1st Infantry Division (Birinci Piyada Diviziyası) was an infantry division in the National Army of the Azerbaijan Democratic Republic.

== History ==
The division was originally formed in late 1917. Formation of the division was carried out by its commander, Khalil bey Talyshkinski, structured within the Azerbaijani Special Corps (ASC). However, because the formation of Azerbaijani military units did not meet the necessary requirements, ASC and the 1st Infantry Division were disorganized and units within these structures were subordinated to the Islamic Army of the Caucasus on August 13, 1918.

The reorganization of the infantry divisions and ASC started after the successful liberation of Baku. Colonel Jamil Jahid Bey was appointed the division's commander, and the 1st, 2nd and 3rd Infantry Regiments joined the division on September 23, 1918. The Caucasus Army Group's 5th Caucasian Infantry Division's 9th Infantry Regiment also joined this division in order to accelerate its reorganization. Major General Ibrahim agha Usubov from Karabakh was appointed the division's commander after the Ottoman army left Azerbaijan in mid-November 1918.

=== 1919 ===
General Suleyman bey Efendiyev was appointed the commander of the division on January 1, 1919. Javad bey Shikhlinsky was appointed the commander of the division after the death of Efendiyev on February 21, 1919.

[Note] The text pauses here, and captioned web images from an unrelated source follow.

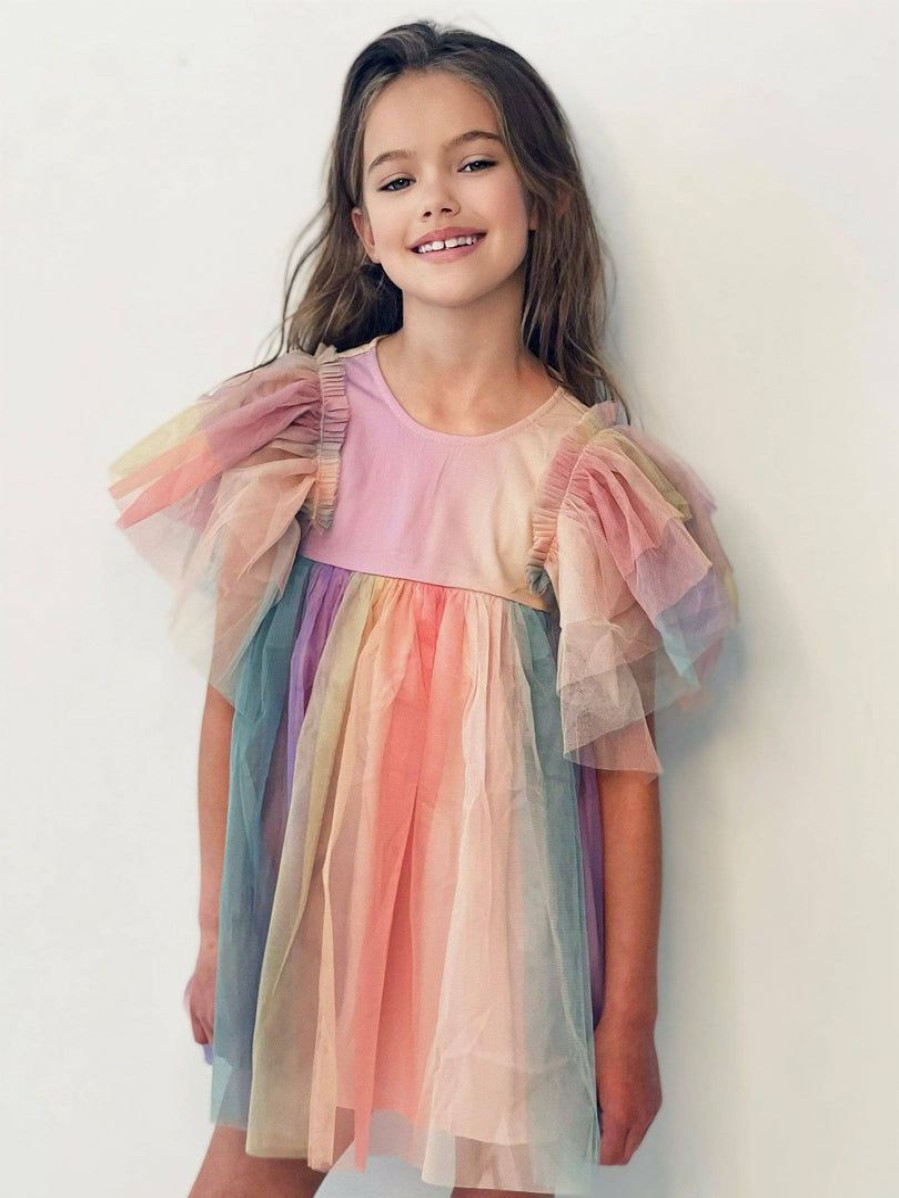 Girls * | Lola + The Boys Sunset Rainbow Tulle Dress Girls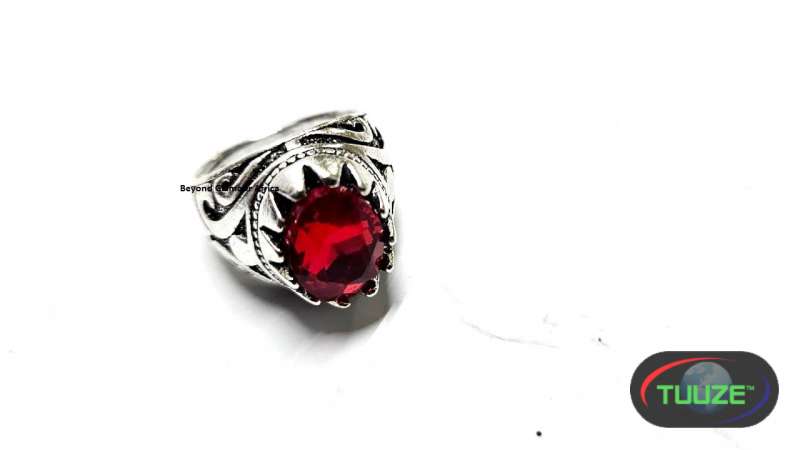 Silver with red Thick band ring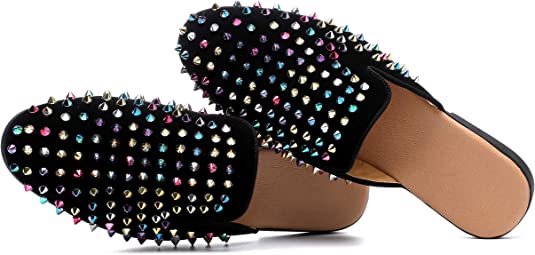 Santimon Men's Colorful Rivet Mules Backless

By the decision of the Council of Ministers dated June 25, 1919, Javad bey Shikhlinsky was awarded the rank of Major General for his services in the formation and strengthening of the division. 1st Javanshir, 2nd Zaqatala and 3rd Ganja Infantry Regiments were part of the division and they were situated in Ganja. The division's regiments were usually in line of contact with the Armenian forces. They fought in Zangezur, Karabakh, and took part in consolidation of the northern defense systems.

=== 1920 ===
After the Red Army invasion of Azerbaijan in 1920, 1st and 2nd Infantry Divisions were merged into Unified Red Division of the Workers and Peasants by the order of the People's Military and Naval Commissar on May 16, 1920.

== See also ==
- Müsüslü Military Detachment

== Sources ==
- Suleymanov, Mehman (1998). "Azərbaycan Ordusu: 1918-1920"
- Nazirli, Shamistan (1995). "Cümhuriyyət generalları"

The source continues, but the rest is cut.